▸ **EXERCISE REQUIREMENTS**
Every record below must be retyped exactly, with the pictures left out.

# # # # # # #

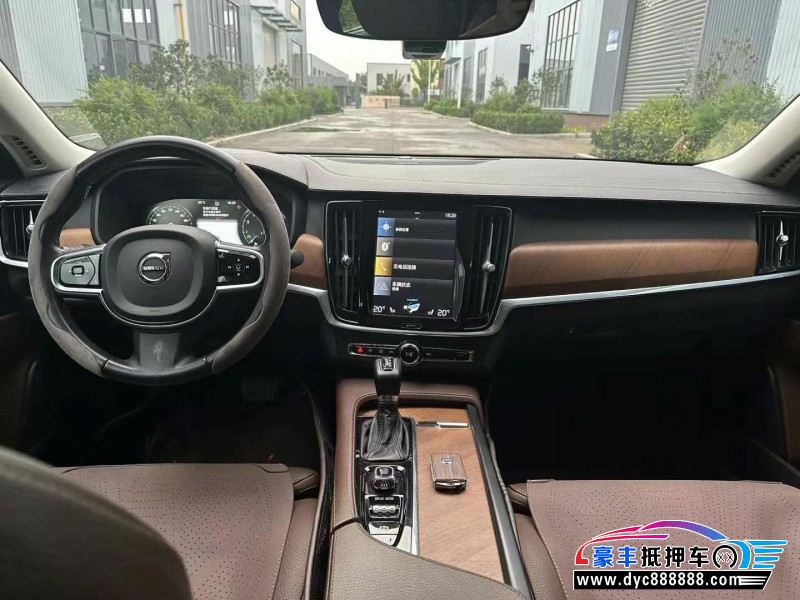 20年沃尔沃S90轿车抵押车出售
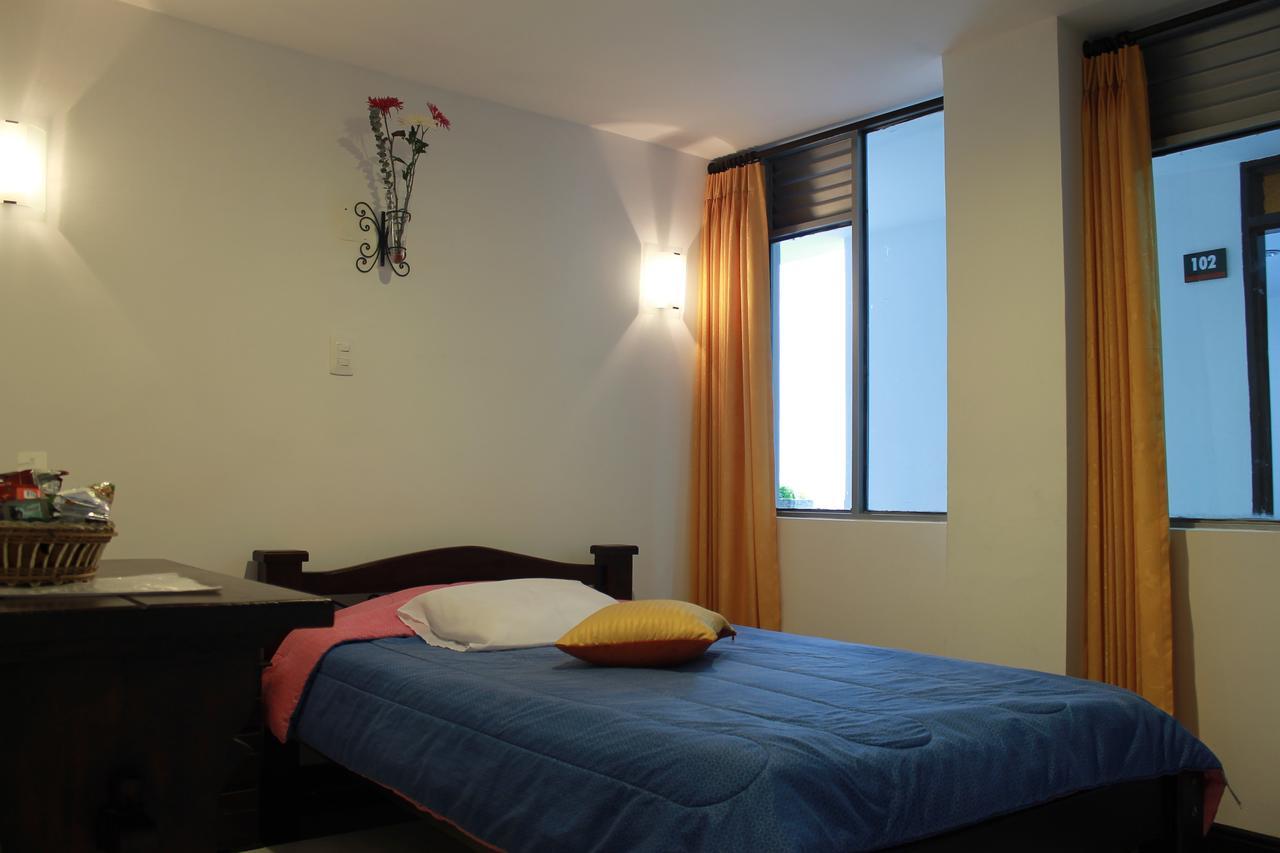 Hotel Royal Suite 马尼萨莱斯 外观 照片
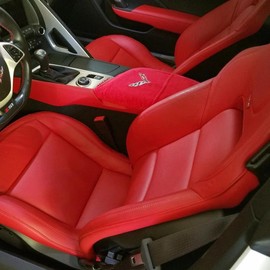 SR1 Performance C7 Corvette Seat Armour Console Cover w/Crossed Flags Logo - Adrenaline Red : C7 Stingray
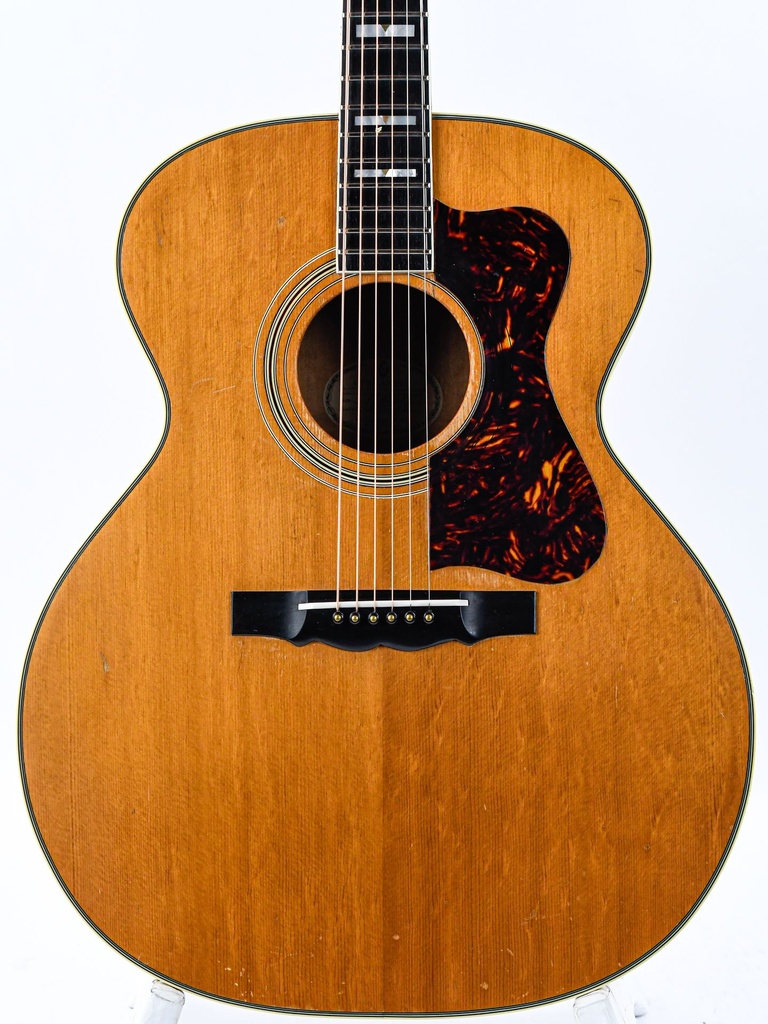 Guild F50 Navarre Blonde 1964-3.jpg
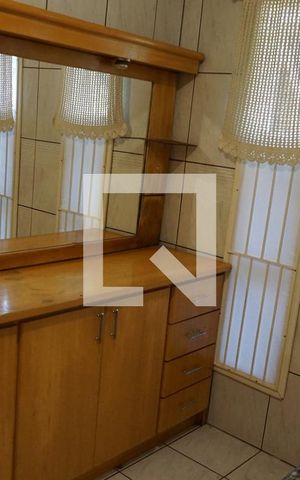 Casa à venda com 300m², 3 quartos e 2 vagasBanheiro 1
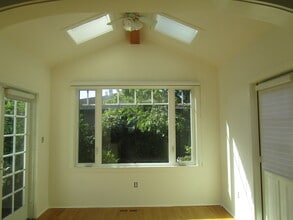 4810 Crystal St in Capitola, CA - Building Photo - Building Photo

# # # # # # #

▸ **ANSWER FOR THE TASK**
 20年沃尔沃S90轿车抵押车出售
 Hotel Royal Suite 马尼萨莱斯 外观 照片
 SR1 Performance C7 Corvette Seat Armour Console Cover w/Crossed Flags Logo - Adrenaline Red : C7 Stingray
 Guild F50 Navarre Blonde 1964-3.jpg
 Casa à venda com 300m², 3 quartos e 2 vagasBanheiro 1
 4810 Crystal St in Capitola, CA - Building Photo - Building Photo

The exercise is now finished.